End of section 1: the last sentence is indented - I assume it's a typo b/c i can't figure out why it should be.
2nd sentence 2nd section: The sentence seems a bit long, or something. It's just sort of awkward. Maybe if you change the second comma to a diff type of puctuation, like a semi-colon...
3rd sentence: I tried typing the sentence a few ways and i like this one best: 'Ella was furious – not at Alfred, but at Lily'.
Ella's last two sentences: they should be on the next line.
I really like this story! I like how it's a mix-up of cinderella. And Lily is so mean! Just a tidbit: Ella means goddess in Hebrew. _
| Ancamna chapter 4 . 11/19/2004
6th paragraph from the bottom: you said earlier that Ella huried down the steps, not strolled.
3rd from bottom: him at her side, not her at her side.
the end of ch. 5 is cute!
| Pont chapter 7 . 11/16/2004
I love this! Lily is so evil _ This is an awesome parody. I haven't read anything this amusing in a LONG while.
Go Henry! :P
| Pont chapter 1 . 11/16/2004
XD Ella sounds like me. I can totally relate with her character. Great job, a good background setting for a promising story!

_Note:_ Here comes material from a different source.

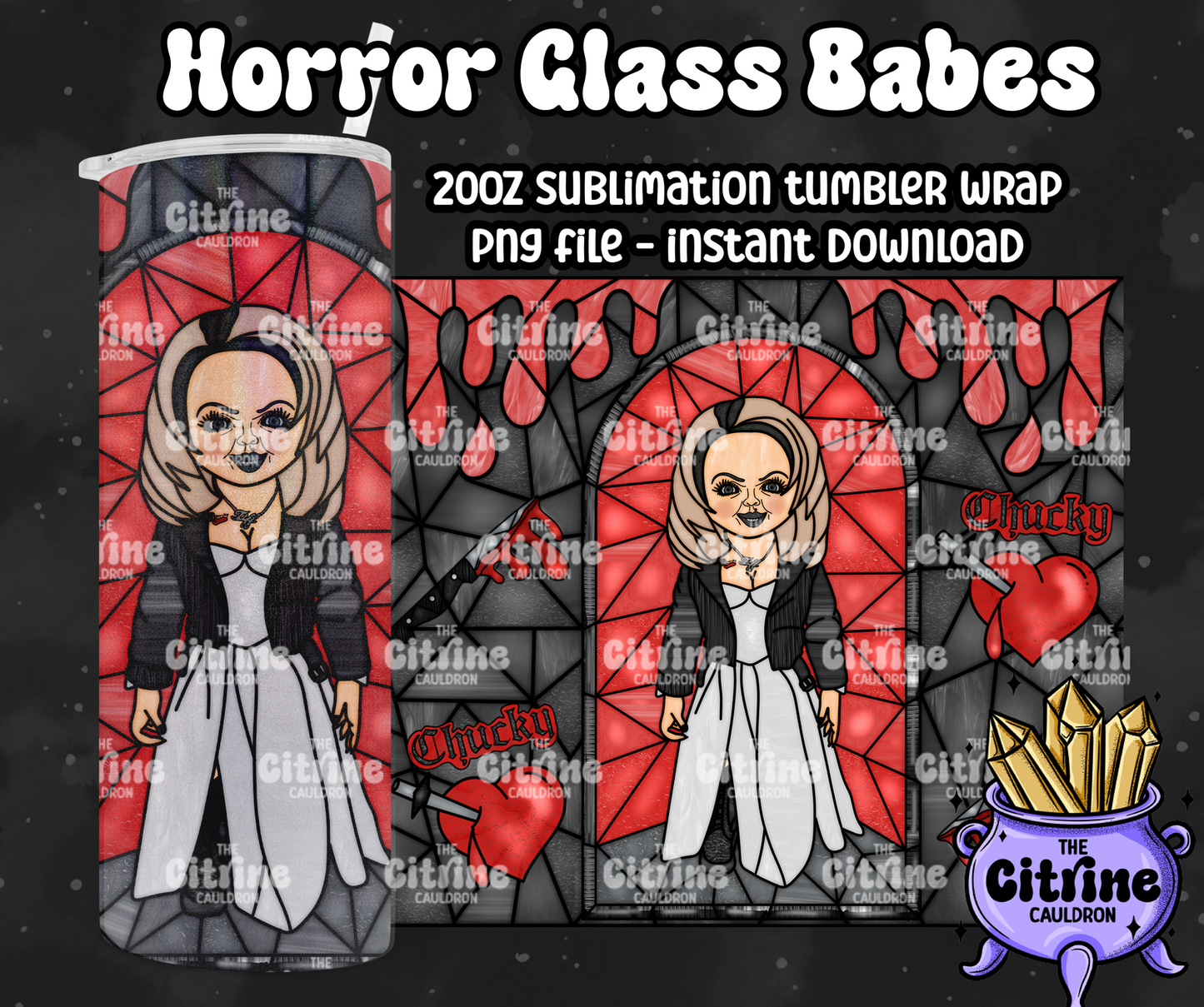 Horror Glass Babes - PNG Wrap for Sublimation 20oz Tumbler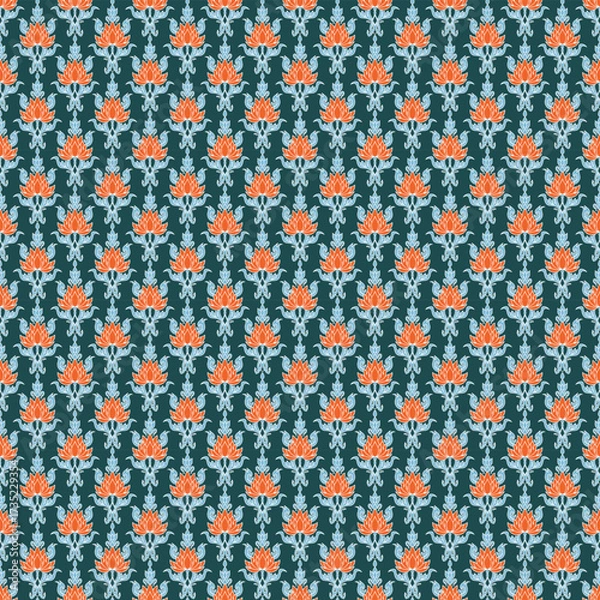 Fototapeta seamless pattern with red flowers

Keep up the good work!
| aspiring author chapter 6 . 9/11/2004
Hi, I know we already discussed this, but have you come up with any more ideas for this story? I mean, you left us at exactly the wrong time! Whatever. No new stuff except for a little blurb or two in my bio.
| Spooni chapter 2 . 8/11/2004
Aww.. :( Now I feel evil for being a Lily.. Oh well, she's a great character (even if as a person she's annoying and assumes that she is never wrong). Isn't it fun to create the bad guys? _ I hope she doesn't make things too horrible, and that she finds some way to better *her*self by the end.

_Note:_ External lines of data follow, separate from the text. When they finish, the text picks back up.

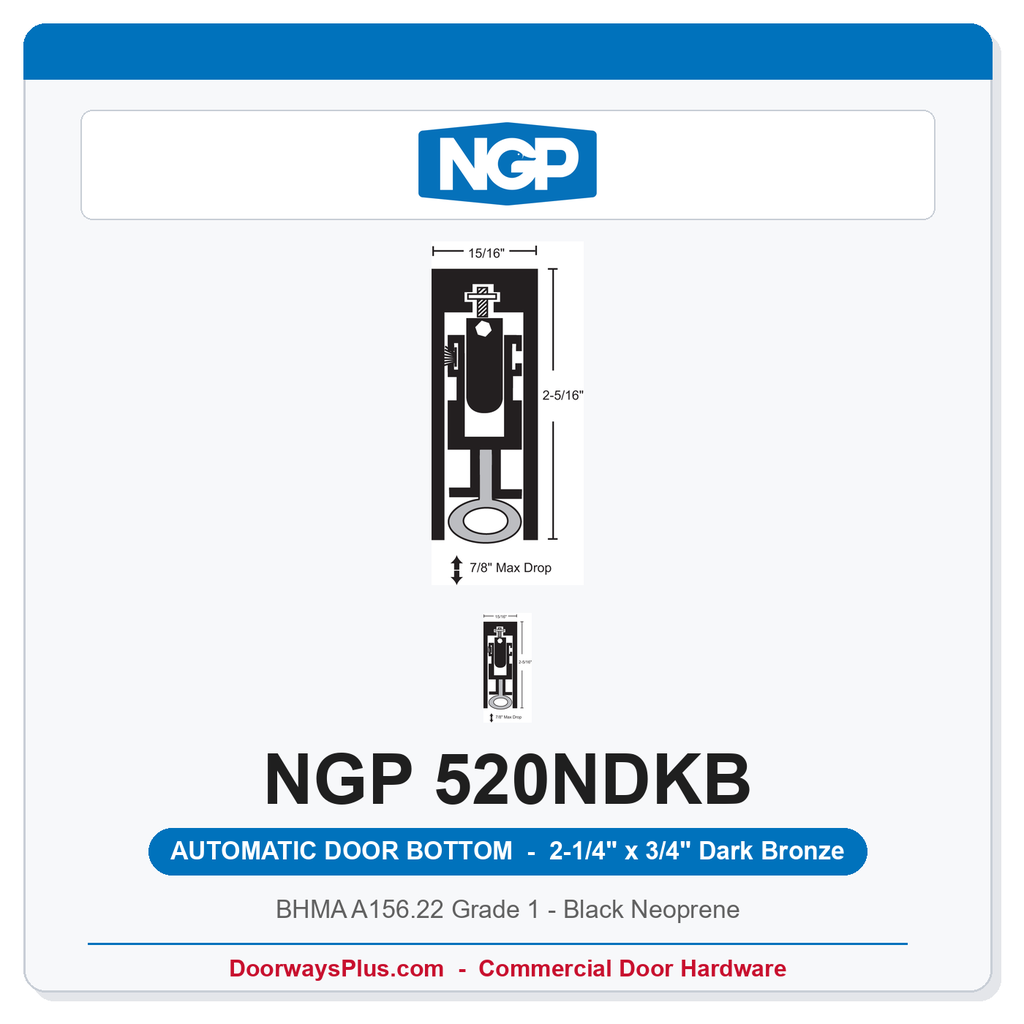NGP 520NDKB Surface Mounted Automatic Door Bottom 2-1/4" x 3/4" Black Neoprene | Dark Bronze | National Guard
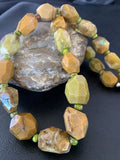 Navajo Sterling Silver Necklace | Graduated |Faceted Green Nugget Turquoise | 21" | Authentic Native American | 1492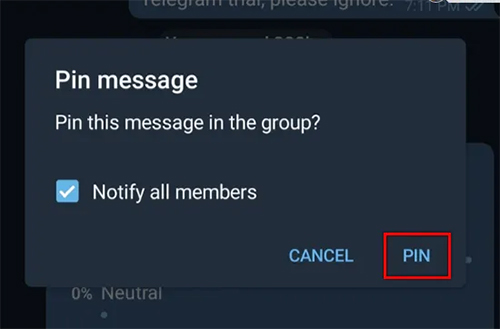 Đồng ý Pin tin nhắn trên Telegram điện thoại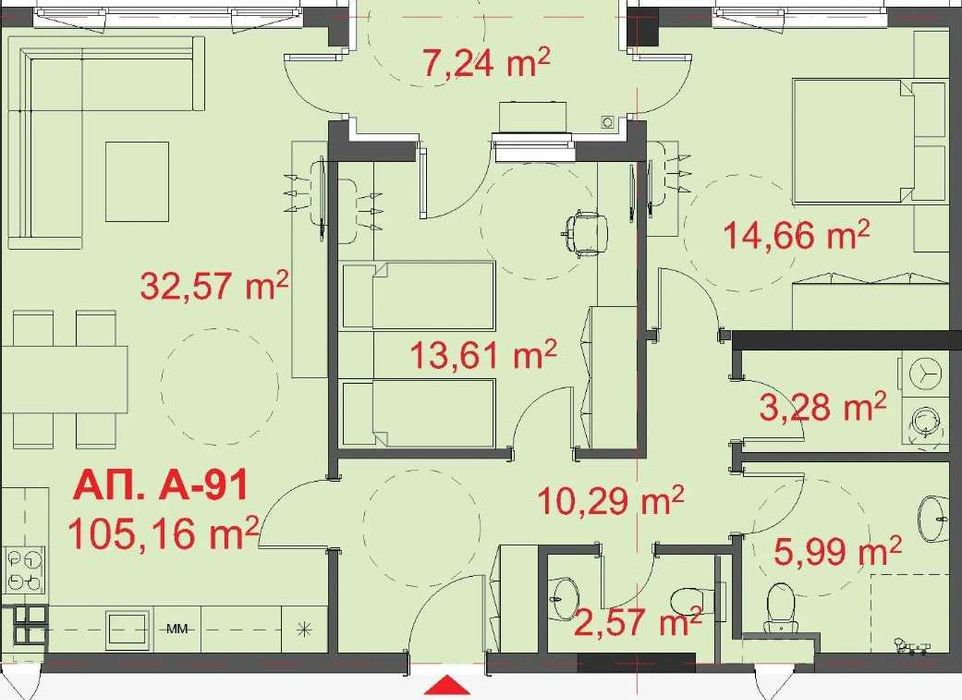 Продава се Тристаен апартамент в Бургас, Център - 124 кв.м за 1311 €/кв.м - Снимка #8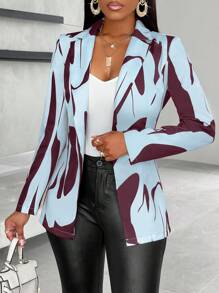 SOLERSUN Allover Printed Single-Breasted Waist Cinching Blazer Fall Cloth For Women - Baby Blue - View 6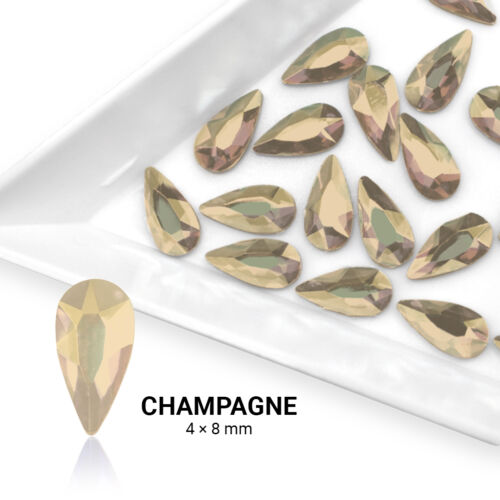 Pearl Nails Formakő csepp alakú (4x8mm) 20db - Champagne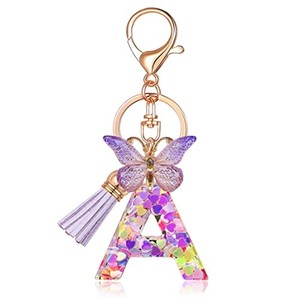 lot 13808 image: JINGUAZI Initial letter Keychains for Women Tassel Butterfly Pink Cute Car Keychain for Wallet Purses Backpack (Purple A)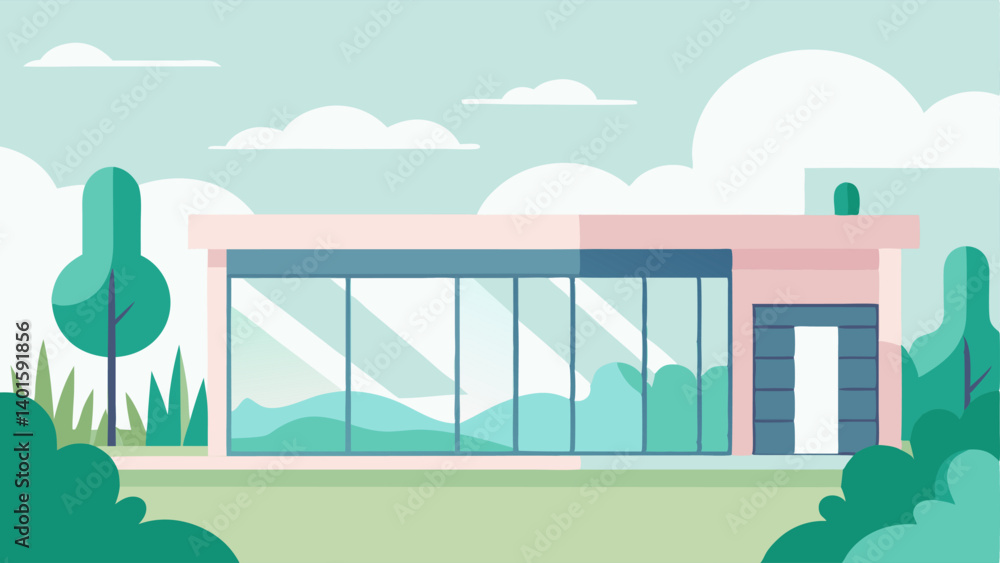 Serene Environment A wide view of a modern wellness clinic with large windows lush greenery outside and soft pastel colors creating a calm atmosphere showcasing the tranquil Serene Environment A wide view of a modern wellness clinic with large windows lush greenery outside and soft pastel colors creating a calm atmosphere showcasing the tranquil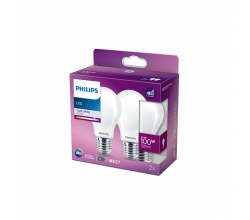 Pack 2 Bombilla LED Philips E27 A60  10.5W 1521Lm 4000K [PH-929002026557]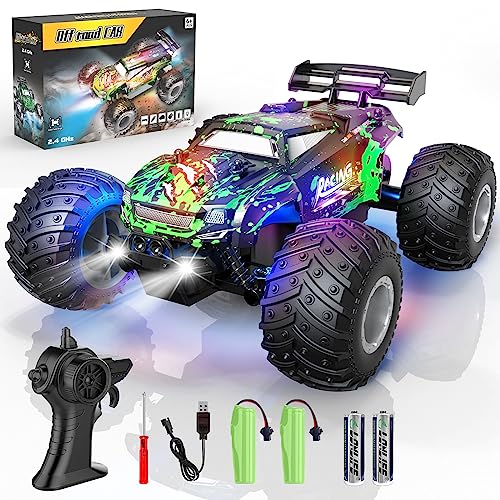 Remote Control Car, 1:18 Scale All Terrain RC Cars, 2WD 20Km/h with Colorful LedLight and Two Rechargeable Batteries, Remote Control Monster Truck Off Road Racing Car Toys for Kids and Boys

| Spooni chapter 1 . 8/11/2004
_ What a wonderful idea! I simply love it, and I cannot wait for more. I'm sorry I didn't read it sooner, but I haven't had access to a computer. Also the reason for my lack of the constructive helpfulness that you always give to me. *is sad* But I will on later chapters!

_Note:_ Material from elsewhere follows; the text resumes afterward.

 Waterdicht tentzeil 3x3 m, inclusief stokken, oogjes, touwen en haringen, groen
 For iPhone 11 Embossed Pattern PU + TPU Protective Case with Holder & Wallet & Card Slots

| Frank the Turkey chapter 1 . 8/10/2004
This is a good story. Why are no names mentioned in the first paragraph of chapter 6?
| Aspiring Author chapter 6 . 8/10/2004
Here we see the doubled edge of short chapters - it breaks the pattern, but when one finally updates, it doesn't do much to assuage the avidity of the faithful reviewers. And I'm not saying that you *have* to make your chapters longer! I'm just making a philosophical statement...
um... if any of my words are too big, just tell me and I'll see what I can do.
| Candy-yum-yum chapter 6 . 8/9/2004
dude! i like this story! i'm acctually thinking of making a fairy tale remake myself, only with fairies. hopefully things'll turn for the better for poor ella.